Problem statement ::
Find the line with "Old map wall" in the data below. Repeat it and every line after it up to the end, exactly, but drop the pictures.

Source material ::
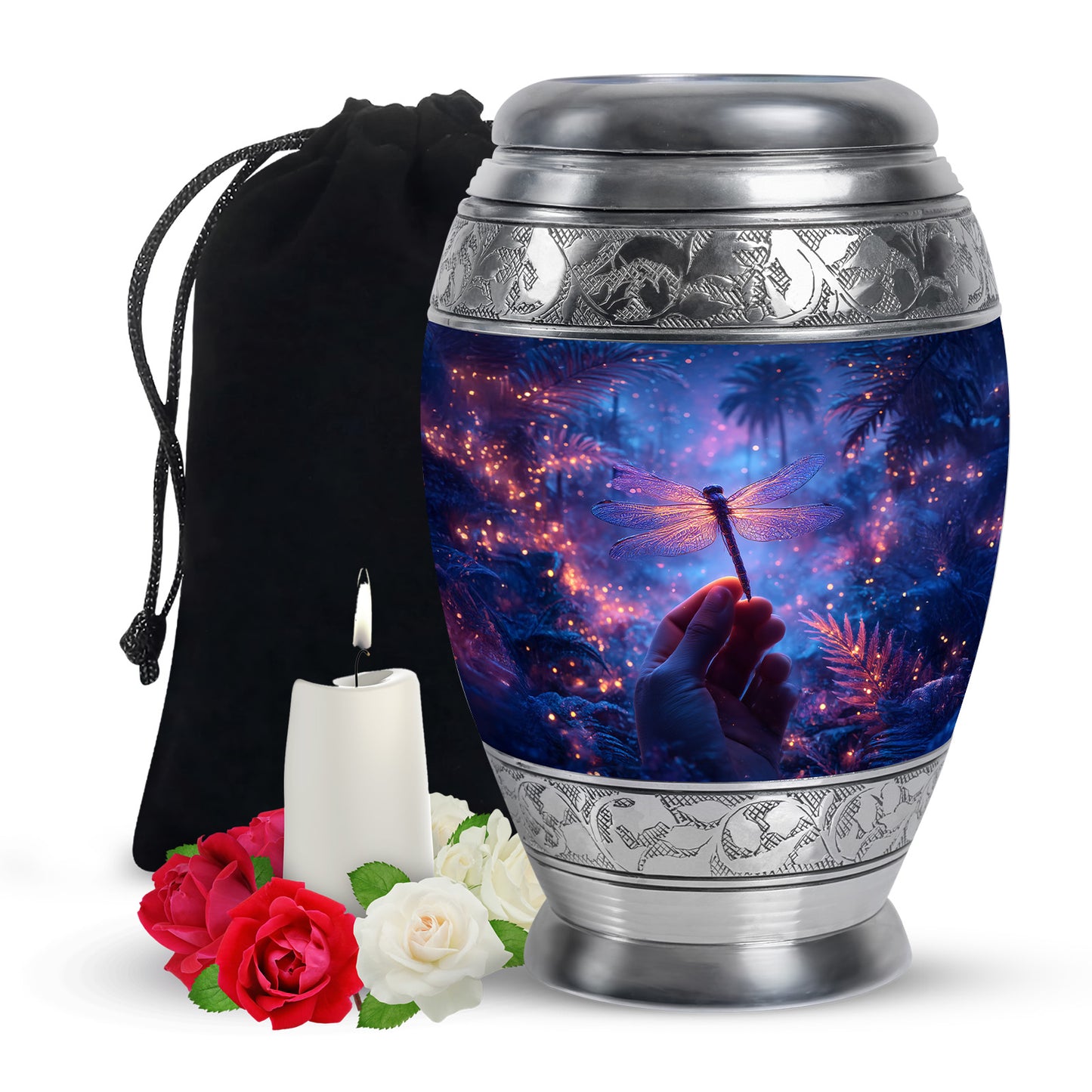 Cobalt Blue Dragonfly Cremation Urn back view with polished surface - royal dragonfly engraving with decorative scrollwork - full-size 10 inch 200 cubic inch adult cremation urn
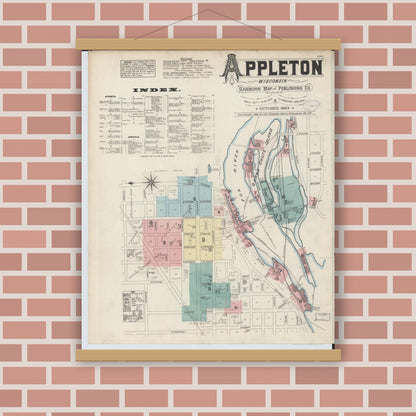Old map wall art mockup — magnetic wood frame on brick wall — Sanborn Fire Insurance Map from Appleton, Outagamie County, Wisconsin (1883), Sheet #0001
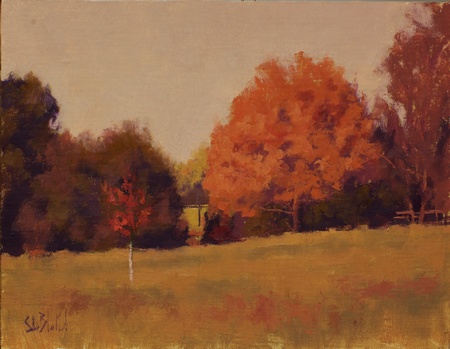 A painting of trees in the fall at Oakland Green Farm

Solution to this exercise ::
Old map wall art mockup — magnetic wood frame on brick wall — Sanborn Fire Insurance Map from Appleton, Outagamie County, Wisconsin (1883), Sheet #0001
 A painting of trees in the fall at Oakland Green Farm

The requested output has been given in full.